Dann wird man sich schon irgendwo und irgendwie einigen. Auch Herr Weil wird zähneknirschend seinen politischen Einfluss geltend machen denn das Land Niedersachsen lebt von den VW-Steuern und -Dividenden.

Läubli:

Das weiss ich nicht so genau, aber die Aussage ist ja trotzdem nicht falsch, da es solche gibt.

Albert Lyng:

„Die Verträge der Beschäftigten im Volkswagenwerk in Zwickau waren bis 2025 befristet.“
Die meisten Mitarbeiter in Zwickau haben unbefristete Verträge: 70, 80%.

steinpilz:

Da wird wohl mal ein Motorenwerk geschlossen. oder so ähnlich.

Tom:

VW als Konzern hat schon lange Probleme, die mit dem Dieselskandal und mit dem Unbruch in Richtung E-Mobilität massiv an die Oberfläche kommen.
Es ging trotz allem zu lange zugut. In China wurde alles gekauft, was aus Europa kam. Die neuen reicher werdenden Chinesen waren ein dankbarer Kunde. Deshalb war es das oberste Ziel den eigenen Markt zurück zu erobern… mit internationaler Hilfe.
VW war der erste Multi-Markenkonzern mit einer Plattform-Straregie, die offensichtlich nicht nachhaltig betrieben wird.
Auch der politische Einfuss von Eigentümern, wie Niedersachsen, machen die Firma nicht gerade flexibler. Betriebsrat und Gewerkschaften haben dabei auch ihren erheblichen Anteil.
Es geht nicht um ein amerikanisches „Hire and Fire“, aber am Standort Deutschland sind VW massive Fesseln angelegt. Das muss man sich erst leisten können.
Der Konzern muss handeln. Es braucht ein reinigendes Gewitter.
VW ist aktuell einwenig ein Sinnbild für vieles in Deutschland.
Ich bin mir sicher, dass sie es schaffen werden. Allerdings denke ich auch die VW AG wird am Ende nicht mehr der dominante Hersteller sein, wie in der Vergangenheit. Die chinesische Konkurrenz wird nicht mehr verschwinden.

Quo vadis VW…. quo vadis?

S. Eckardt:

Solange das wichtigste, einzige(?) Ziel der VW-Bosse eine möglichst hohe Umsatzrendite ist, werden die Autos teuer bleiben, obwohl „Luft“ in den Preisen ist.
Teure Autos ==> weniger Nachfrage ==> weniger Produktion ==> weniger Arbeitskraft-Bedarf ==> Schrumpfung

Man könnte es auch anders machen und in der Zeit der Transformation auf ein wenig Profit verzichten. Will man wohl nicht ..,

egon_meier:

Falsch … auf Druck der SPD, weil sie von ihrer Konsumorientierung nicht lassen will.
Die Schuldenbremse steht im Grundgesetz . da war eine Klage zwingend notwendig.
Die Ampel hat sich eben für Konsum statt Klimainvestition entschieden.

Stefan:

Christian Lindner hat die eAuto Prämie beendet. Unter Druck der Union, weil die mit der Klage für die Schuldenbremse die Sondervermögen Haushaltsphantasie gestoppt hat.

Spiritogre:

Nio macht gar kein Geschäft, die verkaufen im Monat knapp ein Drittel soviele BEV wie VW und VW verkauft ja nun nur einen kleinen Bruchteil BEVs momentan.
In Deutschland verkauft Nio im Schnitt 30 – 40 Autos im Monat.
Und Tesla verkauft kaum noch Premiumautos, Model S und X verkaufen vielleicht ein paar 10.000 Stück im Jahr.
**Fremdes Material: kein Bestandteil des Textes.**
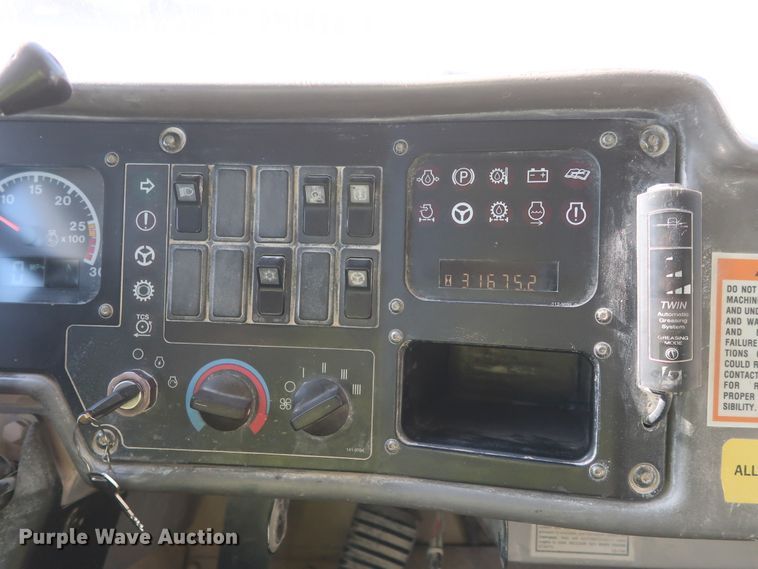 image for item DJ2281 2006 Caterpillar 773E  haul truck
VW hat übrigens eigene Lader, in den USA sind sie Eigentümer von Electrify America und in Europa Miteigentümer und Gründer von Ionity…

Wechselakku hat Tesla übrigens 2015 schon auch probiert und gleich wieder eingestellt, weil einfach keine Nachfrage herrschte. Auch beim Renault Zoe sind die Autos mit Mietakku gerade im Gebrauchtmarkt praktisch unverkäuflich. Die Leute wollen ihr Auto komplett besitzen und nicht jeden Monat Miete löhnen, nachdem sie es gekauft haben.